Bridges breaks down into several areas of consideration the topic of trusting God. The principle of God's good sovereign control over the world provides the foundation for his argument in this text. Bridges asserts that this concept must be understood and accepted to truly trust God. He begins by answering the primary question for the believer who wants to understand and trust God; "Can you trust God?" Bridges does not stray from the difficult considerations in his question. He accepts that it is easier to obey God than to trust Him.
Bridges moves from this question to examining other aspects of the topic mostly focused around God's sovereignty, wisdom, love, power, and control. He also applies these ideas to how trusting God helps with our growth, experience, and submission to His work in our lives.
Bridges masters the art of Bible study and application, thus making this book biblically sound. He also responds to Harold Kushner's arguments in When Bad Things Happen to Good People. He addresses areas of disagreement with Kushner's understanding of God's working in the world. Bridges also cites several early American theologians and some puritans as he makes his case for God's sovereign control.
This book should include a Scripture index. An index would make finding specific quotes easier for the reader who wants to look back without having to scan the entire text. As Bridges' book is saturated with Scripture, finding specific references can be difficult.
Bridges does not claim to be a theologian, however his skill as a Bible student makes up for any lack of theological credentials. He expounds a deep understanding of theological concepts and guides the reader through the issues pertaining to God's sovereignty in a relatable concise manner. He writes as one who has wrestled with the questions personally.
He does not attempt to simplify the discussion, but to make it more understandable for every reader. His manner of communicating complex issues makes them understandable.
The most impactful statement in the book for me was about the difference between obedience and trust. Bridges writes, "I have spent a good portion of my adult life encouraging people to pursue holiness, to obey God. Yet, I acknowledge that it often seems more difficult to trust God than to obey Him" (18). Separating these ideas brought me to a full stop. I considered the implications of this idea from my perspective and from both a parental and pastoral perspective. The depth of his simple observation brings me to my knees. Far from the only valuable insight in the book, mining the depths will take more than one reading.
I am building my daughter's libraries. I want them to have good books from impactful authors. This book will be one of those that they receive from me. I may require they read it before they can leave home (yes I am smiling as I write this).
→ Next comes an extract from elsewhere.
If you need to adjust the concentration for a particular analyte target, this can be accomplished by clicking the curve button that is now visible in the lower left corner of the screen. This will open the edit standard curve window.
I want my girls to know, obey, and trust the God they have been called to serve.
This text would be a great guide for family devotionals. Each chapter is around 15 to 20 pages in length. Reading and discussing a chapter each week would bring added value to a family's devotional life.
In counseling, this book would be helpful for someone struggling with trusting God as He works in their life. A chapter each week would give a counselee much to consider between counseling sessions.
No surprise here, I have decided to obtain everything Bridges wrote. Reading his work is worth the time and effort.